Work required | Write out the entries below exactly, but only from the line containing "Conferință pe teme" through the line containing "Homes for sale", and without the pictures.

Input |
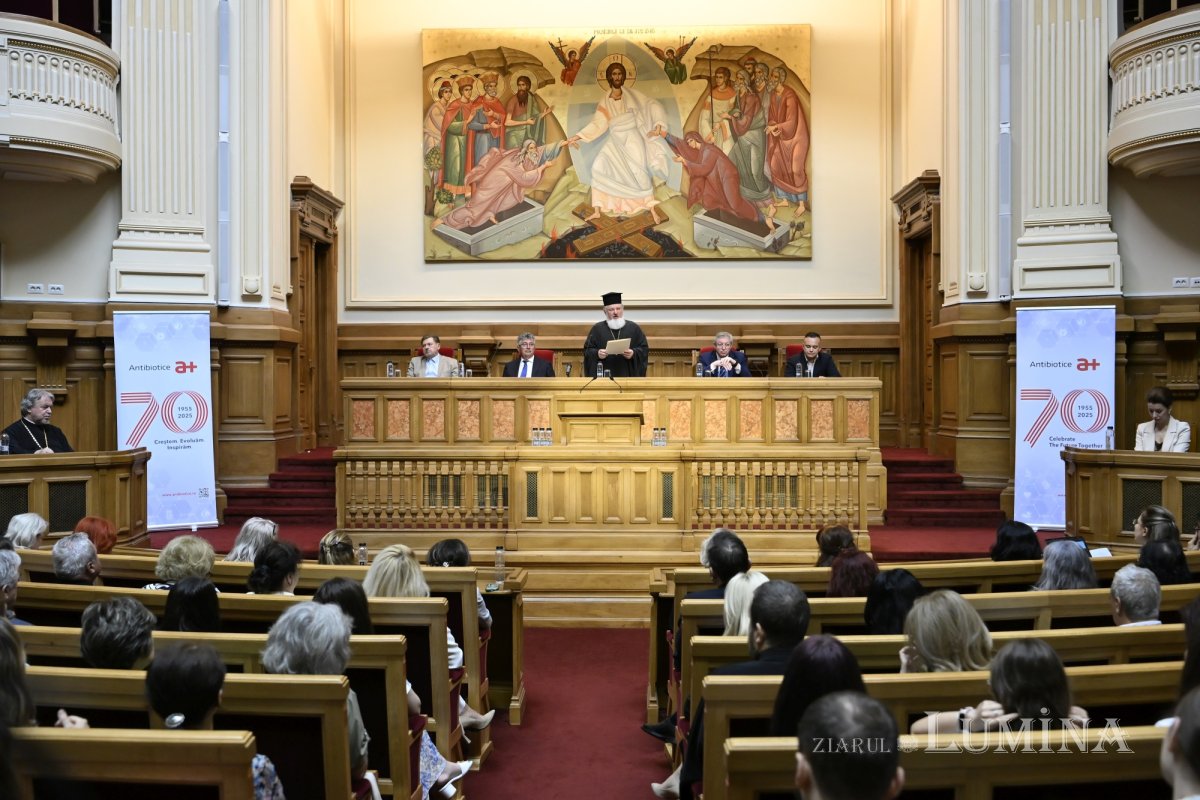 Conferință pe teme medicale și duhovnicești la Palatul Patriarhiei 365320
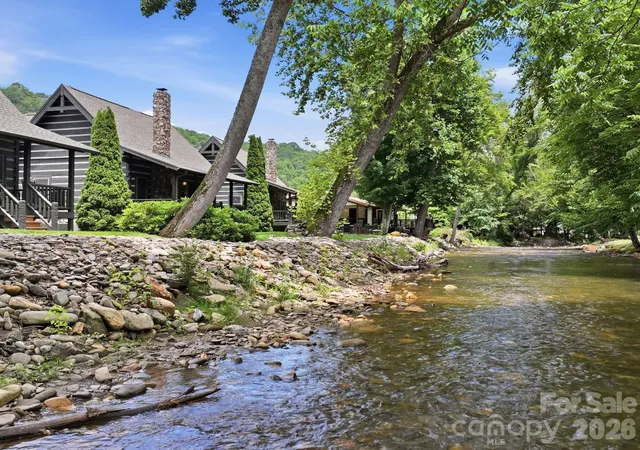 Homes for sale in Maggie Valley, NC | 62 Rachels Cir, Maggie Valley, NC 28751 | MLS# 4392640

* * *

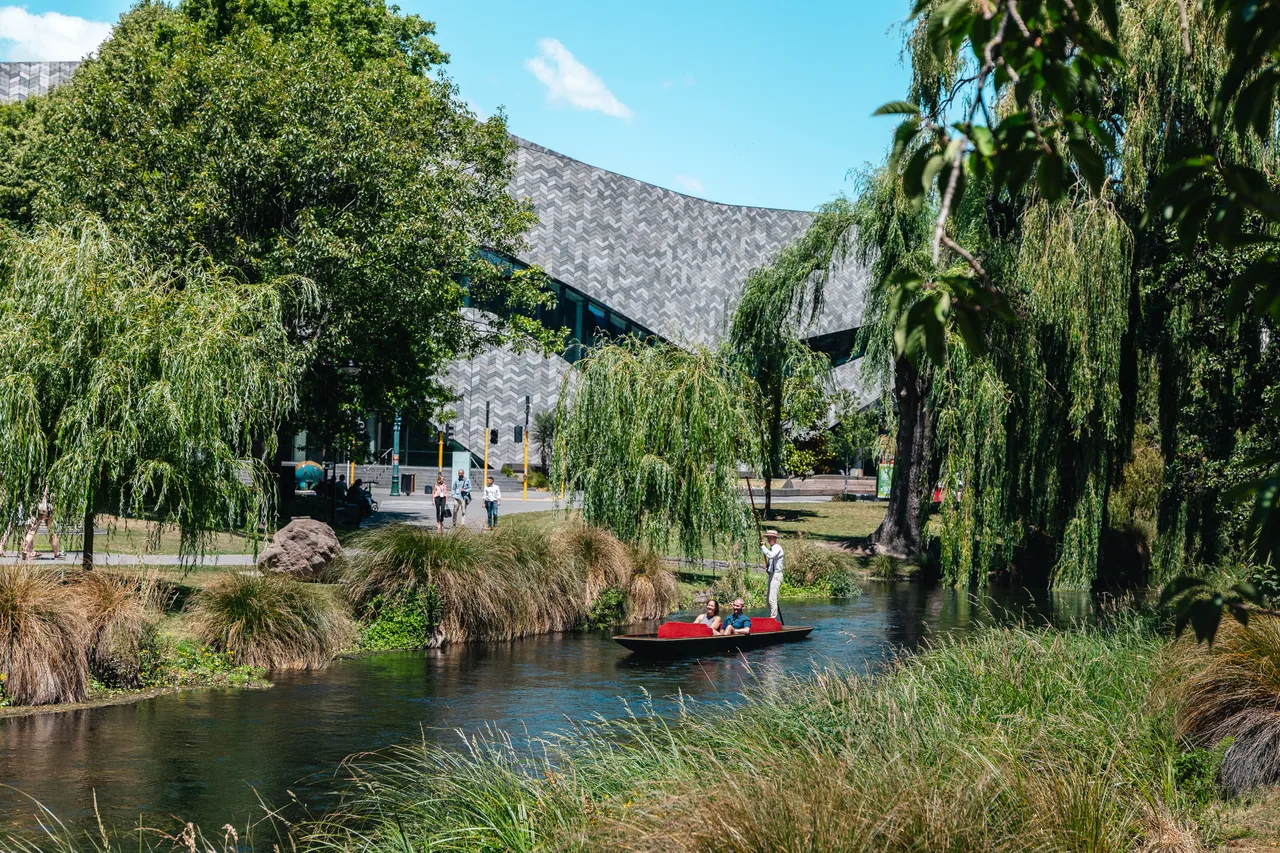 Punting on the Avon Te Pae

Your solution |
 Conferință pe teme medicale și duhovnicești la Palatul Patriarhiei 365320
 Homes for sale in Maggie Valley, NC | 62 Rachels Cir, Maggie Valley, NC 28751 | MLS# 4392640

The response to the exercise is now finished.